When Roddy first gets flushed down the toilet, there's a joke that's a direct rip-off of a joke in "Caddyshack." Roddy drops into the sewer and grabs a half-opened Baby Ruth bar. Yes, sometimes a candy bar looks like a turd, a gentle reminder that despite the fact that the sewer water looks good enough to drink, there's a lot of tremendously disgusting crap floating around in there. It's also an acknowledgement by the filmmakers that they know it's a sewer and they're just going to have a single, indirect reference to the million pounds of fecal matter and be done with it. Unfortunately, I had just sunk my teeth into an ambitious portion of a super-sized Baby Ruth from the snack bar and found myself suddenly unable to swallow. Don't kids have enough poo-related problems already?
Toad's plan involves flushing away the entire rat city by opening up a sewer door during halftime of the World Cup, which is obviously the point when 75% of London heads for the crapper.

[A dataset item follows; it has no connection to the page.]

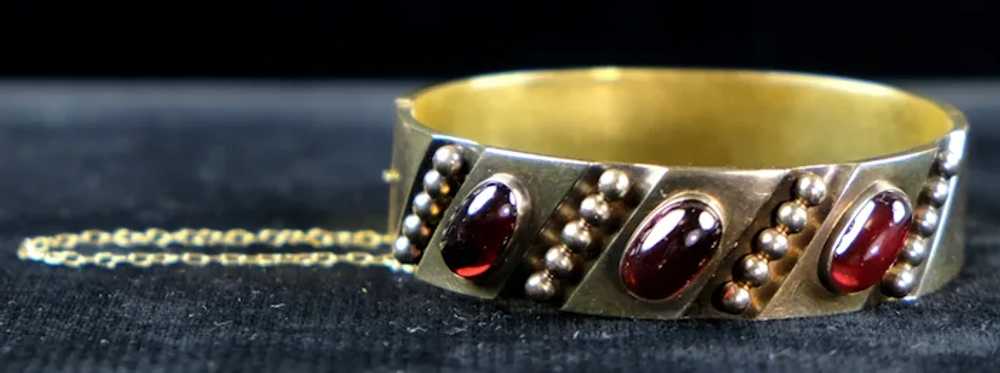 Rare Antique Victorian 14K Cabochon Garnet Bangle - image 3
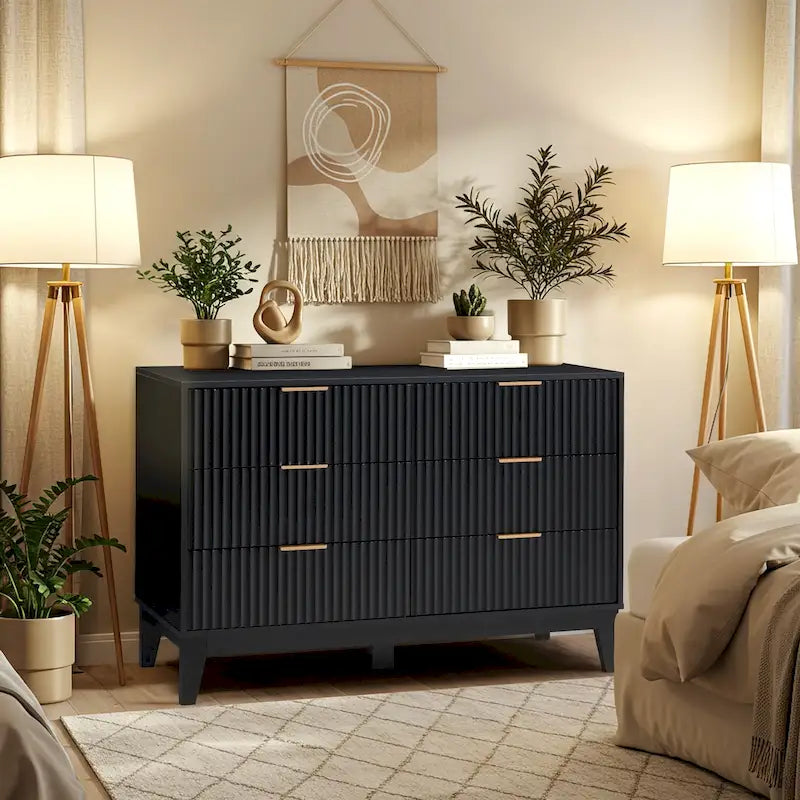 Commode cannelée EROMMY à 6 tiroirs, style moderne du milieu du siècle, avec poignées en métal, idéale pour la chambre ou le salon.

What a great image for the entire family to share: an entire city being washed away in crap. I'm sure this film will do well in New Orleans. Of course, when the water rushes down the pipes and Rita and Roddy must save the day, it looks more like Hawaiian surf than the London sewers after a city-wide flush. London smells bad enough above ground. Can you imagine the smell in the sewer?
And just how many more animated "house pets in the real world" stories do we need? Every animated film is about exactly the same thing. It's like one vast conspiracy to teach us the value of life through the plight of lost animals. In this case, the value of life is taught to us by lost animals swimming in poo.